**Assignment:**
The listing below should be reproduced precisely, except for its images.

**Data for this task:**
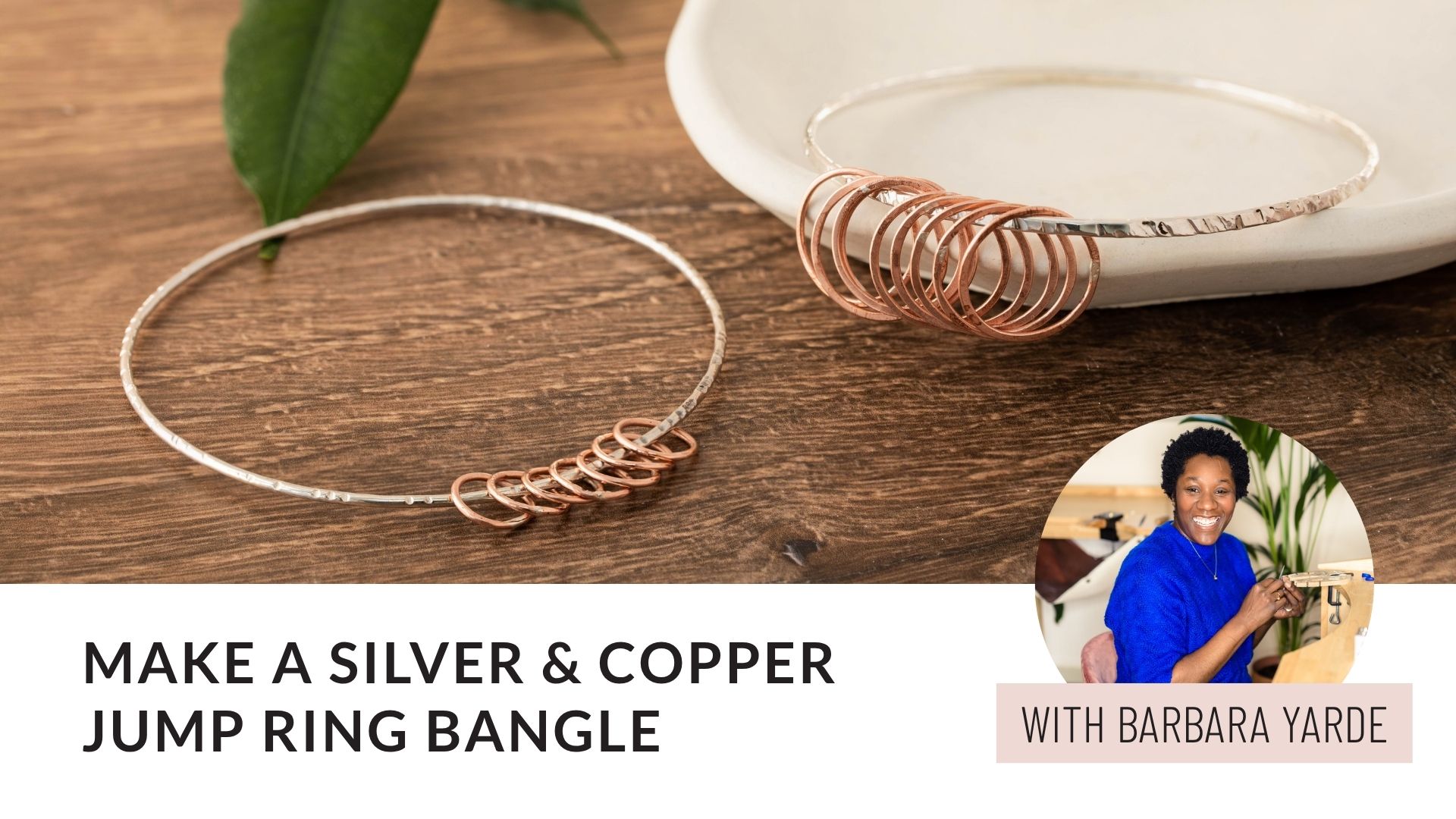Product image for Make a Silver and Copper Jump Ring Bangle - Free Mini Course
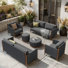Briles Aluminum 6 Piece Sofa Seating Group with Olefin Cushions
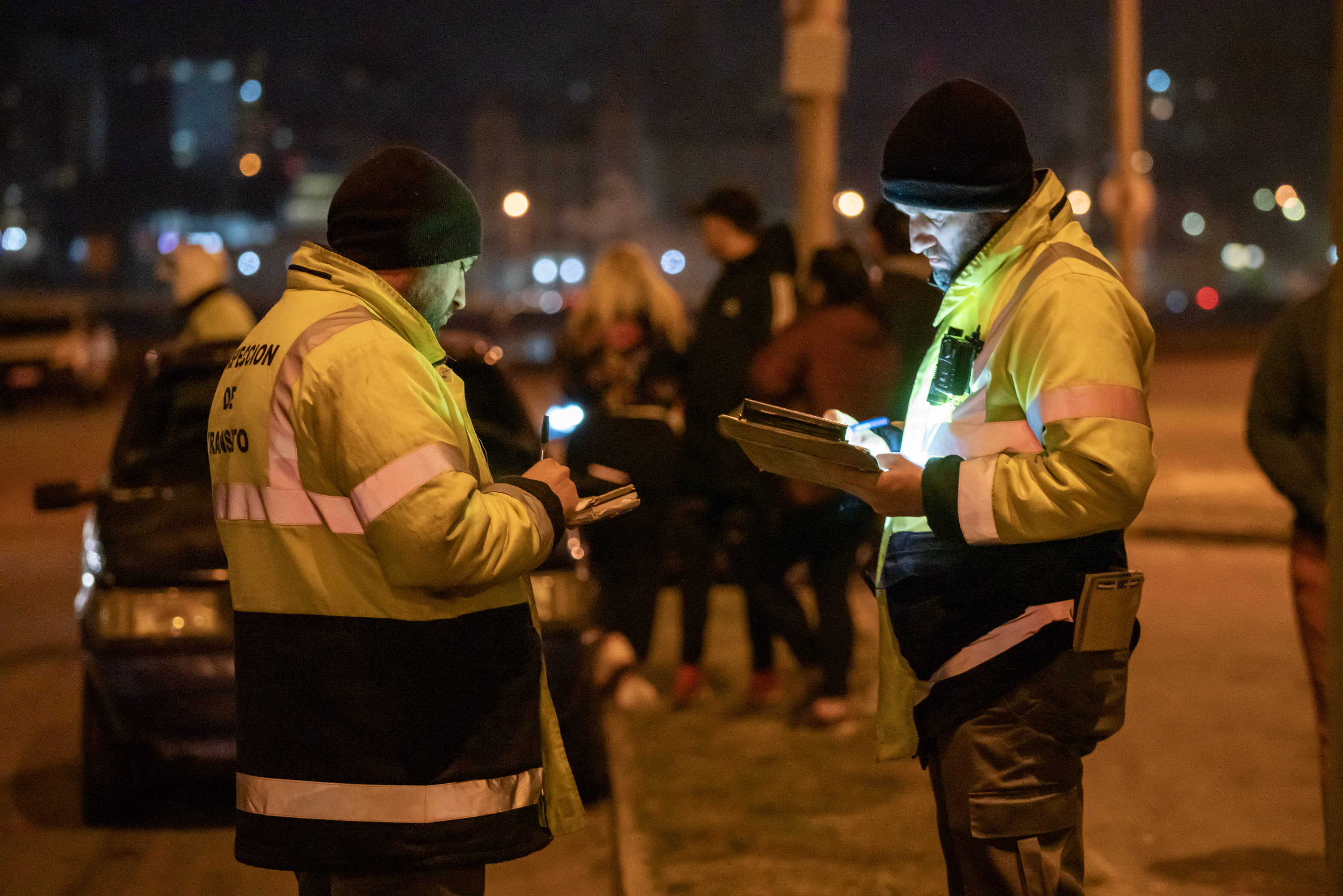 Operativo de Movilidad en la rambla de Montevideo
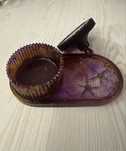 Set tavita si cutie bijuterii din rasina handmade
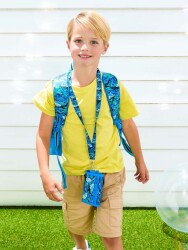 Smiggle Curious Wallet Withlandyard Mid Blue 456721 - 4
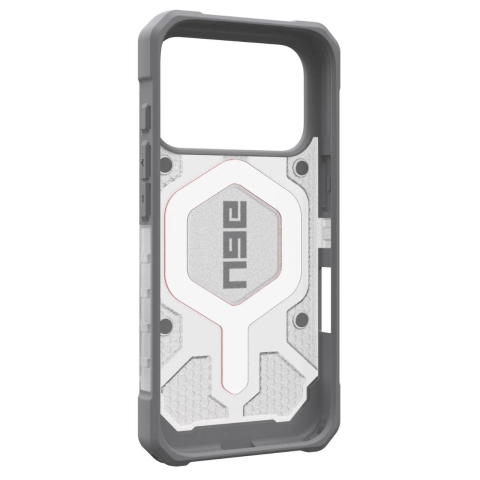 UAG Husa Pathfinder Clear MagSafe iPhone 17 Pro Active Lava Lanyard [3]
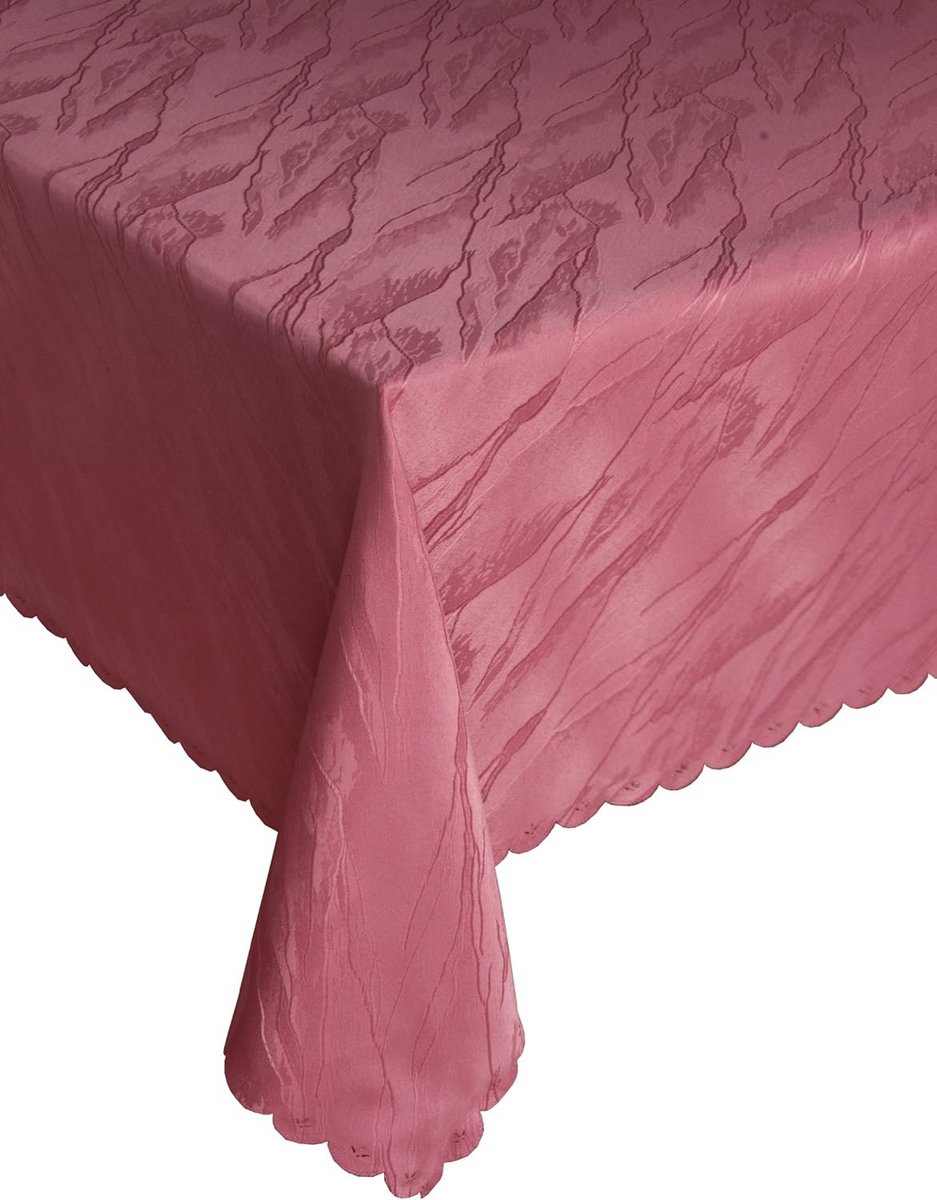Tijdloos Damast Tafelkleed Rechthoekig met Marmerpatroon - Diverse Kleuren en Maten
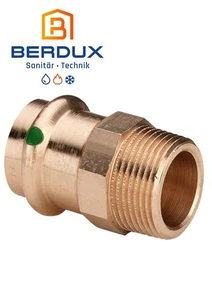 Viega Pressfitting Übergang 28x1" AG 1 Stück Sanpress Wasser / Heizung / NEU - Bild 1 von 13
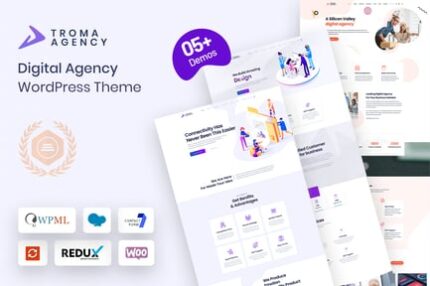 Troma - Digital Agency WordPress Theme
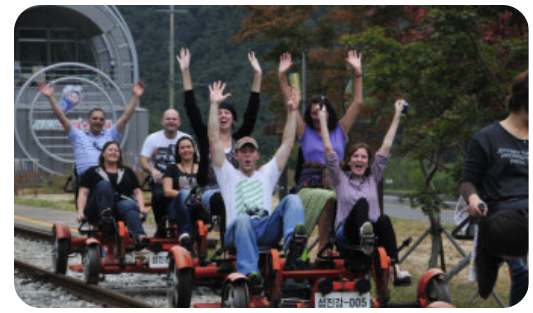 곡성 가정역 레일바이크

**Solution for this exercise:**
Product image for Make a Silver and Copper Jump Ring Bangle - Free Mini Course
Briles Aluminum 6 Piece Sofa Seating Group with Olefin Cushions
 Operativo de Movilidad en la rambla de Montevideo
 Set tavita si cutie bijuterii din rasina handmade
 Smiggle Curious Wallet Withlandyard Mid Blue 456721 - 4
 UAG Husa Pathfinder Clear MagSafe iPhone 17 Pro Active Lava Lanyard [3]
Tijdloos Damast Tafelkleed Rechthoekig met Marmerpatroon - Diverse Kleuren en Maten
 Viega Pressfitting Übergang 28x1" AG 1 Stück Sanpress Wasser / Heizung / NEU - Bild 1 von 13
 Troma - Digital Agency WordPress Theme
 곡성 가정역 레일바이크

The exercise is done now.